Harga jengkol ternyata mengalami kenaikan luar biasa di wilayah Kota Bogor, Jawa Tengah. "Harga jengkol lebih mahal dari harga ayam," kata Tuti (35), pedagang warteg di Jalan Menteng, Bogor, Jumat (11/3).
Menurut Tuti, harga jengkol meroket. Dari biasanya antara Rp 18 ribu hingga Rp 20 ribu per kilogram (kg) menjadi Rp 35 ribu per kg. Sementara harga ayam potong per kg hanya Rp 30 ribu.

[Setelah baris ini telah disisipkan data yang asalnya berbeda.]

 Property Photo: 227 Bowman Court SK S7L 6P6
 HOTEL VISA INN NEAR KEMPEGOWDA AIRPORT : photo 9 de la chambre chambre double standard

"Kalau Rp 35 ribu mana sanggup saya beli, padahal banyak yang menanyakan jengkol. Tapi saya tidak kuat belinya," kata dia. Karena tak sanggup membeli jengkol, dia mengeluh selama tiga hari terakhir ini ia tidak dapat menyajikan hidangan semur jengkol kepada pelanggannya.
Tuti yang sudah berjualan warteg sejak 2003 ini biasa membeli jengkol atas permintaan pelanggannya. Untuk berbelanja kebutuhan warteg ia belanja di Pasar Jambu Dua. Sehari ia biasa membeli dua kilogram.
Menurut ibu satu anak tersebut, dikutip brilio.net dari Antara, jika ia membeli jengkol dua kg seharga Rp 70 ribu, ia tidak mendapatkan keuntungan dan sulit untuk menjual. Karena, pelanggannya hanya buruh kerja dan ibu rumah tangga yang kebanyakan membeli seharga Rp 3.000 sampai Rp 5.000 per porsi.
"Kalau harganya Rp 35 ribu per kg, saya mau jual berapa. Kalau yang beli cuma Rp 3.000 berat saya ngasihnya berapa biji, kalau beli Rp 5.000 paling saya cuma bisa kasih empat biji, itu pun banyak yang protes," katanya.
Ia mengatakan, memasak jengkol merupakan hidangan yang banyak dipesan oleh pelanggannya. Tetapi sudah tiga hari ini ia tidak bisa menyediakan jengkol karena harganya yang lebih mahal dari harga ayam potong.
"Saya juga tidak tahu kenapa harganya mahal, apa karena pengaruh hujan, atau memang lagi sedikit produksinya," kata dia.